The pro-life movement isn’t in Kansas anymore

National Review

Second, and relatedly, be willing to compromise. Compromise is painful when it means leaving some children to their deaths; no later progress can undo that. But it is how progress in a democracy works. And pro-lifers now have the advantage on that score. The pro-life ideology is that all human life is sacred at every stage and should be protected in law, but a law that protects some lives is better than a law that protects no lives. A 15-week abortion ban concedes nothing to principle, as opposed to political reality. By contrast, Democrats’ pro-abortion ideology assumes that any restriction at all is intolerable — even a limit on taxpayers subsidizing abortion — so even to engage in a discussion of compromise is heresy. As pro-lifers, we can use that contrast.
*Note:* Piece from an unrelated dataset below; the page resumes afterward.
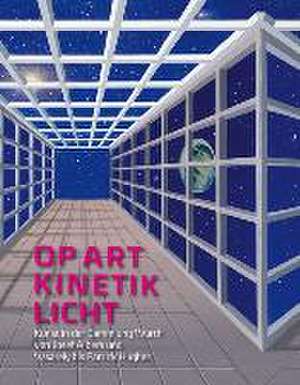 Op Art · Kinetik · Lichtkunst de Werner Spies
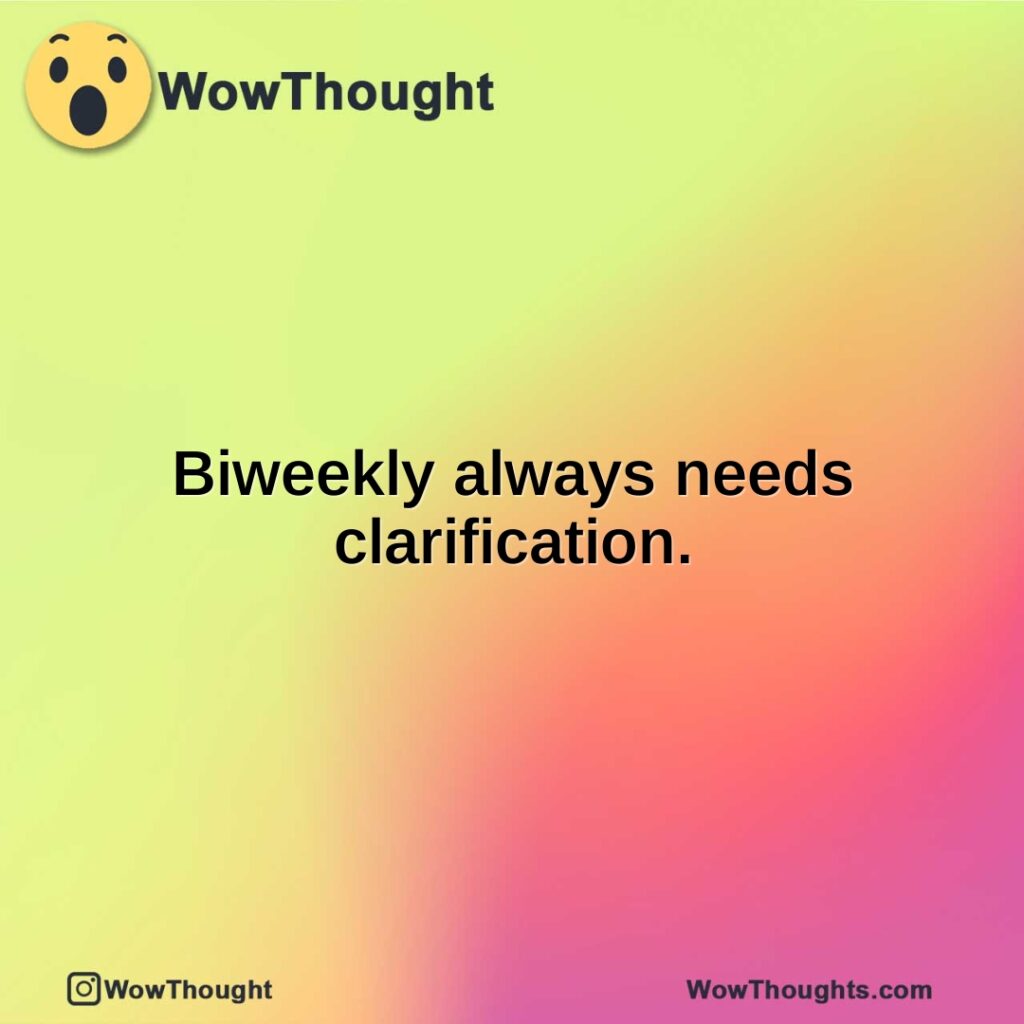 biweekly-always-needs-clarification.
Many Americans, perhaps a third of the country, are in the mushy eyeball-test middle on this issue: They aren’t willing to ban all abortions, but they also dislike taxpayer funding of abortion and see late-term abortions as barbaric. (Indeed, one argument made prominently against the “yes” position in Kansas was that the state already bans taxpayer funding, so doing so by referendum was unnecessary.) Dobbs itself illustrates the contrast: Mississippi was defending only a 15-week ban, while the abortionists and the Biden administration were stuck defending a “no compromise, no restrictions are possible” position. What we don’t need is people in deep-red states who are so eager to flex their pro-lifer-than-thou credentials that they push states into seeking uncompromising rules that produce blowback against the beachheads.